** EXERCISE INSTRUCTIONS **
Reproduce only the lines of the material below that start at the line containing "wegen Glücksspielwerbung festgenommen" and stop at the line containing "Foto: Viral Video". Keep both end lines.

** EXCERPTED RECORDS **

----

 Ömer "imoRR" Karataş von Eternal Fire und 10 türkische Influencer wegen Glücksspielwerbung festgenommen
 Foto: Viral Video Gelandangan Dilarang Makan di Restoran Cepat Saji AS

----

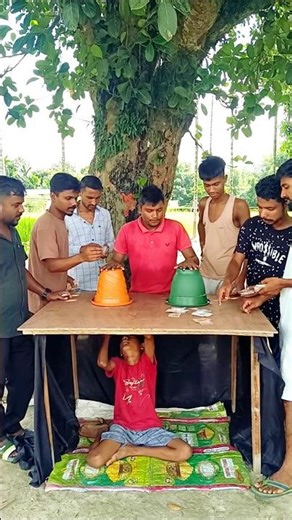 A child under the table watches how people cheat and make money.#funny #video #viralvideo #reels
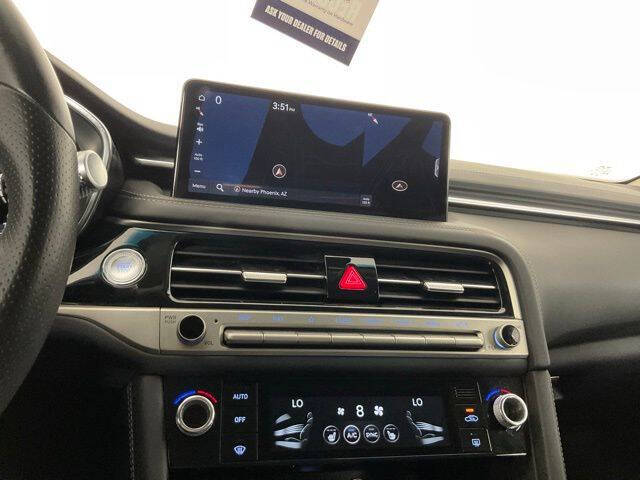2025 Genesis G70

----

** EXERCISE SOLUTION **
 Ömer "imoRR" Karataş von Eternal Fire und 10 türkische Influencer wegen Glücksspielwerbung festgenommen
 Foto: Viral Video Gelandangan Dilarang Makan di Restoran Cepat Saji AS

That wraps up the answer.